Stored records ::
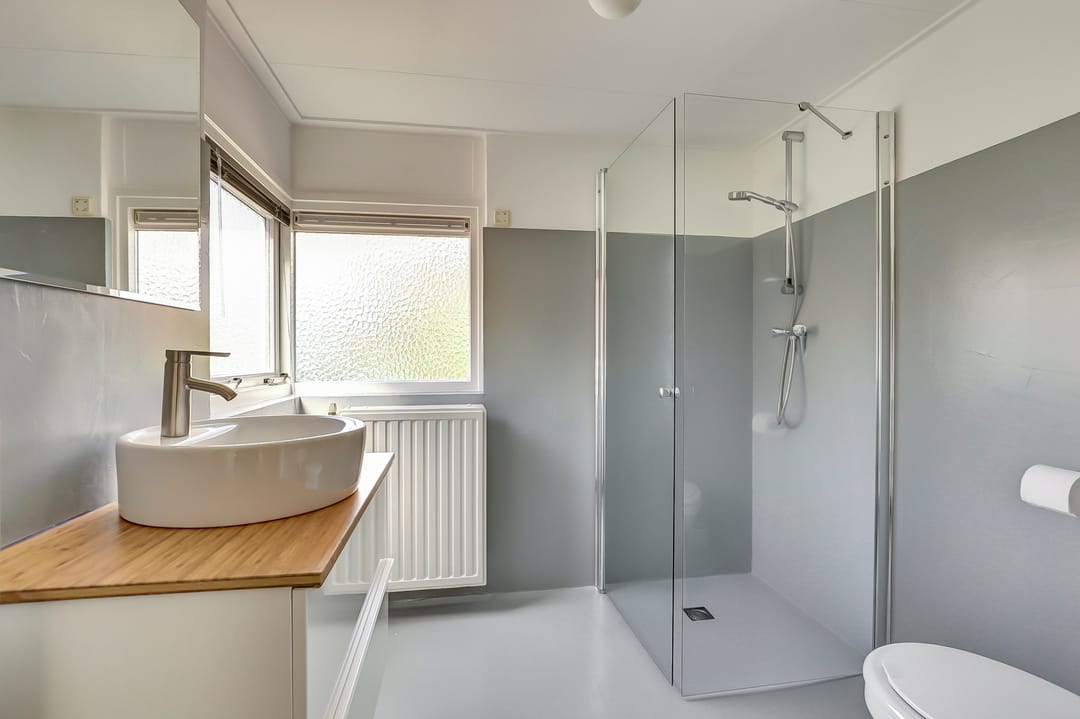 Foto 22 van Gouwestraat 23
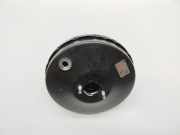Bremskraftverstärker FIAT PUNTO (188_)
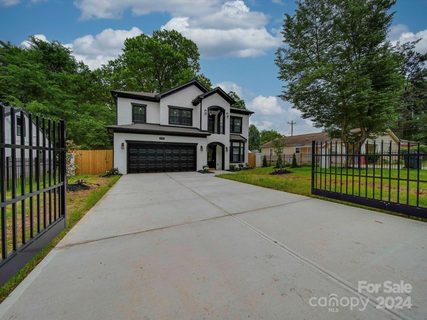 Previously sold for $670,000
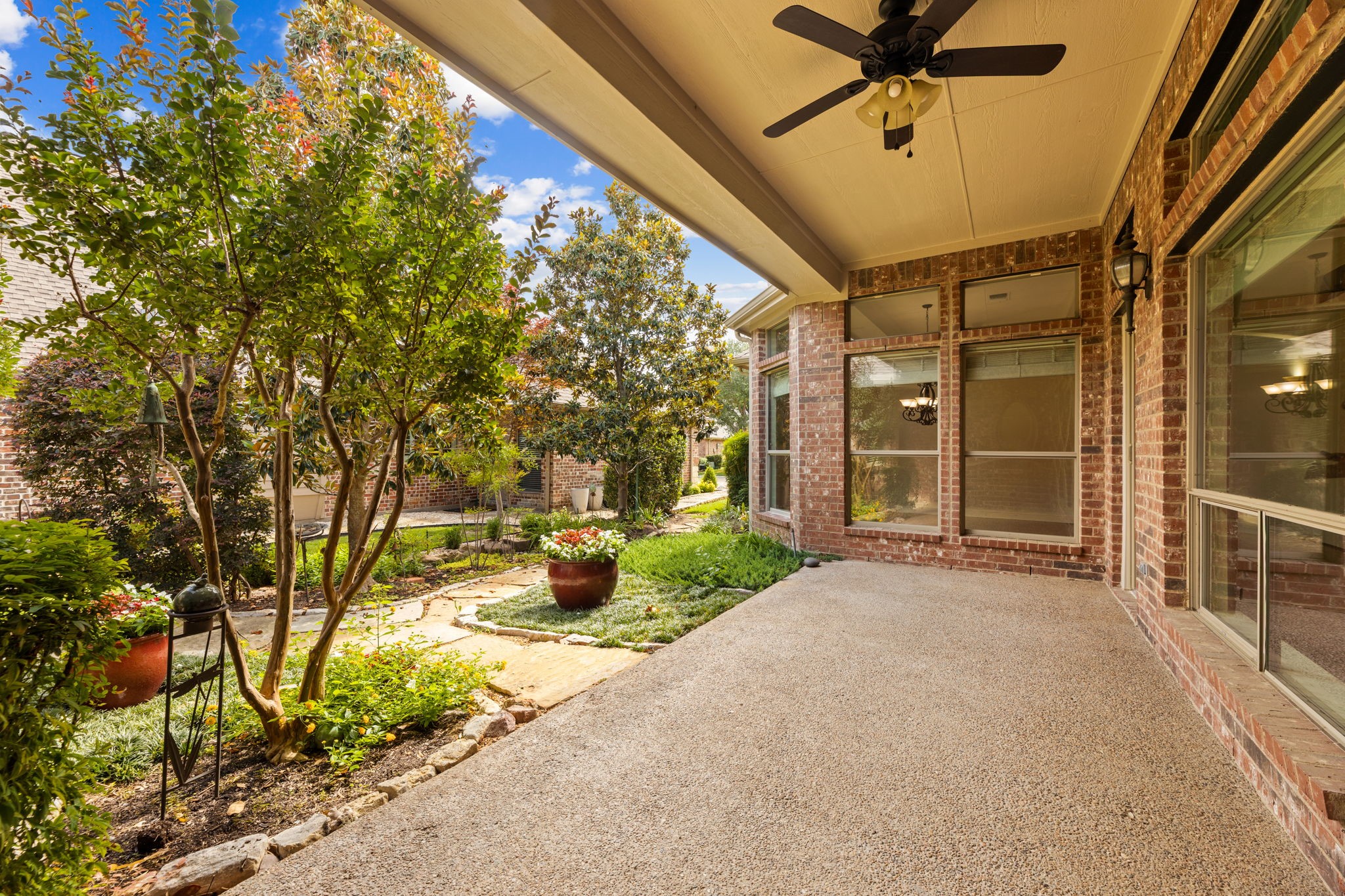 613 Pelican Hills Drive Fairview TX 75069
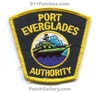 Port-Everglades-Authority-FLPr.jpg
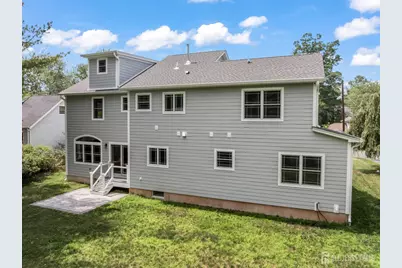 118 Cambridge Road, Westfield, NJ 07090 - Photo 55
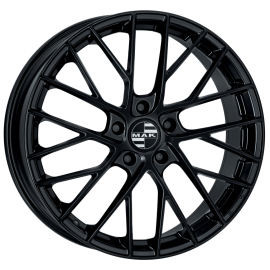 MAK MONACO GB 5X130 8,5X21 ET51 71,6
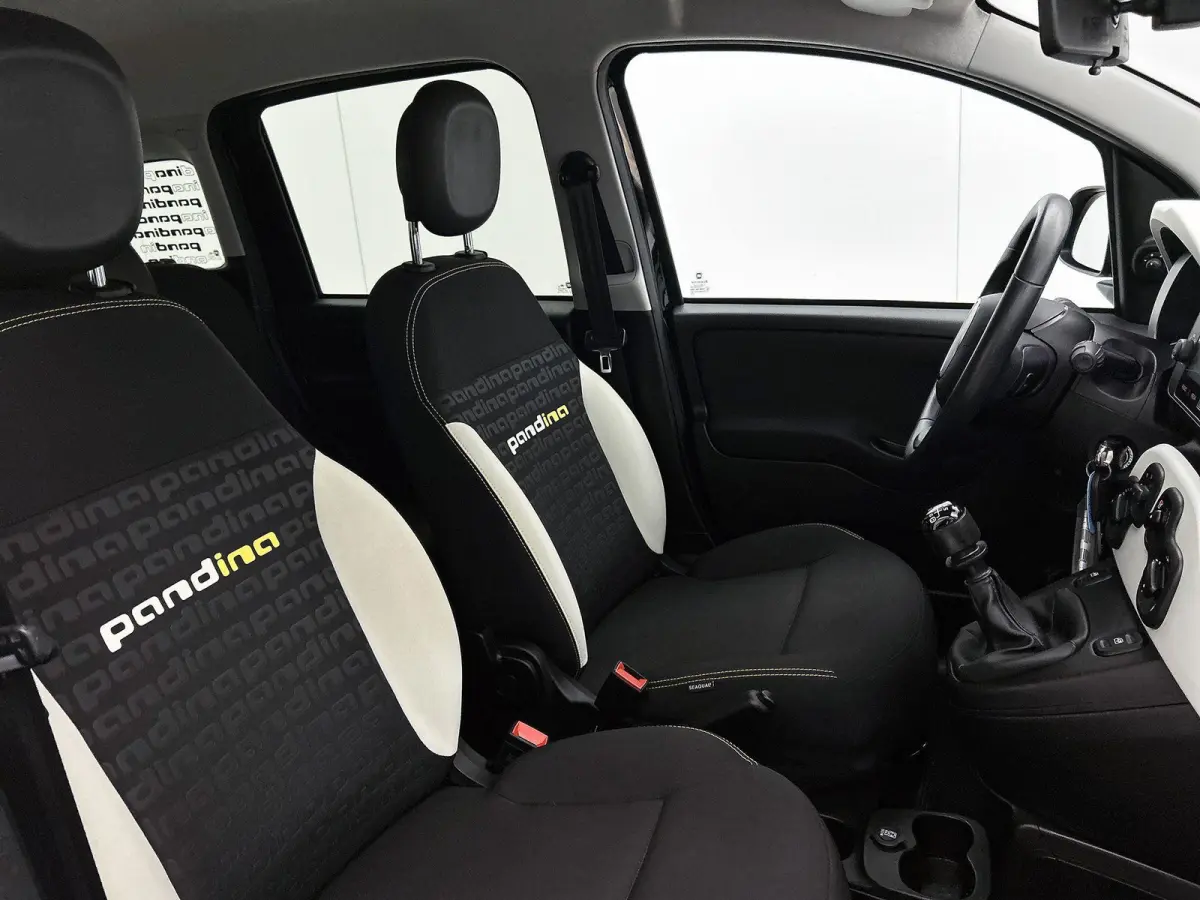 1.0 70pk Hybrid Cross | Apple Carplay/Android Auto | Cruise Control | Airco | Parkeersensoren | IsoFix |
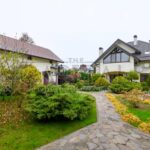 Оренда будинку 280м², 12 соток, Іванковичі | 8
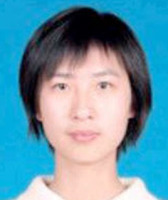 黄雅婷 照片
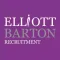 Elliott Barton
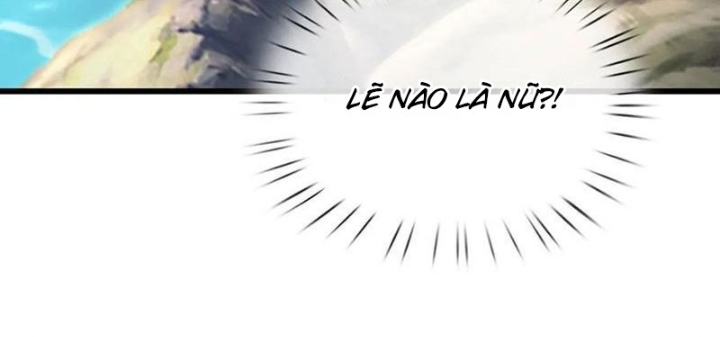 Tận thế thế giới Huyền Huyễn Ta Vô Địch Chapter 109 - Trang 2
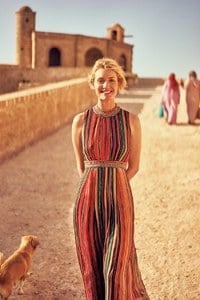 Anthropologie-Fall-2017-Amber-Valetta-and-Constance-Jablonski-by-Nathan-Copan-11.thumb.jpg.626ed7d8669abb5c307e108db351da32.jpg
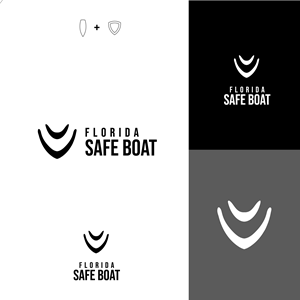 Logo Design by merti.studio for this project | Design: #33014732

THE TASK :: Leave the pictures out, then print every entry exactly as it reads.

RESULT BELOW ::
 Foto 22 van Gouwestraat 23
Bremskraftverstärker FIAT PUNTO (188_)
 Previously sold for $670,000
 613 Pelican Hills Drive Fairview TX 75069
 Port-Everglades-Authority-FLPr.jpg
 118 Cambridge Road, Westfield, NJ 07090 - Photo 55
 MAK MONACO GB 5X130 8,5X21 ET51 71,6
 1.0 70pk Hybrid Cross | Apple Carplay/Android Auto | Cruise Control | Airco | Parkeersensoren | IsoFix |
 Оренда будинку 280м², 12 соток, Іванковичі | 8
 黄雅婷 照片
 Elliott Barton
 Tận thế thế giới Huyền Huyễn Ta Vô Địch Chapter 109 - Trang 2
 Anthropologie-Fall-2017-Amber-Valetta-and-Constance-Jablonski-by-Nathan-Copan-11.thumb.jpg.626ed7d8669abb5c307e108db351da32.jpg
 Logo Design by merti.studio for this project | Design: #33014732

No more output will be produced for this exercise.